Excerpted data>
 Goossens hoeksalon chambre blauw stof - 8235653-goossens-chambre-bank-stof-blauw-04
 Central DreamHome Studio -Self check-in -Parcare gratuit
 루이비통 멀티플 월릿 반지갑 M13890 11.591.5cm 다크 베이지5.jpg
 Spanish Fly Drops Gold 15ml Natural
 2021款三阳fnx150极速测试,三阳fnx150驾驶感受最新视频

What to work on> Give back, unchanged, the line containing "Spanish Fly Drops Gold 15ml Natural" and each line that comes after it in the entries above, ending with the last.

Reply to the task>
 Spanish Fly Drops Gold 15ml Natural
 2021款三阳fnx150极速测试,三阳fnx150驾驶感受最新视频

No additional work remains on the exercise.